INFORMATION>
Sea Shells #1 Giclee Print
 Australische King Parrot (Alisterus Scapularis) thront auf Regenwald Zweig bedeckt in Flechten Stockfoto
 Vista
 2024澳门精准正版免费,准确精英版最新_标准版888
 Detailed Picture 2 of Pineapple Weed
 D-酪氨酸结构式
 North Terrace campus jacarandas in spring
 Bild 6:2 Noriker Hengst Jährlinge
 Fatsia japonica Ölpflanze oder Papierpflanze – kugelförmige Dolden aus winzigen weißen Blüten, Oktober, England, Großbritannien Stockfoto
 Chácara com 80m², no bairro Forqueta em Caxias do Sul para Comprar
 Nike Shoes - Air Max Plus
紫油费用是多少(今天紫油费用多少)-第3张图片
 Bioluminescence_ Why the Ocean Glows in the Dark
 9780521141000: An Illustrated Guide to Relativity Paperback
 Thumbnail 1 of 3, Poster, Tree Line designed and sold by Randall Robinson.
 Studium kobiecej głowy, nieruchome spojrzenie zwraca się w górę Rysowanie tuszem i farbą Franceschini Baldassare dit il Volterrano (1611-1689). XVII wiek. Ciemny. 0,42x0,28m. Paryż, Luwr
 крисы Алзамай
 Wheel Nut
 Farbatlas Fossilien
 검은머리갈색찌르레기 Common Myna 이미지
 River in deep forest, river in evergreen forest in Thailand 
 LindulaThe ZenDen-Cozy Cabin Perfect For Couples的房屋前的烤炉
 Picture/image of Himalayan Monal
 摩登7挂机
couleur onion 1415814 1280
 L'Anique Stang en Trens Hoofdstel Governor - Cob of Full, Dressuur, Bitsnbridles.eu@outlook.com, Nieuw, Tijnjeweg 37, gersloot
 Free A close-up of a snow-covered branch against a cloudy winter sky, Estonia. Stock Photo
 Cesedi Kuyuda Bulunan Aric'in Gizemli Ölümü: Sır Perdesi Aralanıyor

WHAT YOU SHOULD DO> Only the lines from the start of the material through the line containing "Fatsia japonica Ölpflanze" should be repeated, and they should be repeated exactly.

YOUR SOLUTION>
Sea Shells #1 Giclee Print
 Australische King Parrot (Alisterus Scapularis) thront auf Regenwald Zweig bedeckt in Flechten Stockfoto
 Vista
 2024澳门精准正版免费,准确精英版最新_标准版888
 Detailed Picture 2 of Pineapple Weed
 D-酪氨酸结构式
 North Terrace campus jacarandas in spring
 Bild 6:2 Noriker Hengst Jährlinge
 Fatsia japonica Ölpflanze oder Papierpflanze – kugelförmige Dolden aus winzigen weißen Blüten, Oktober, England, Großbritannien Stockfoto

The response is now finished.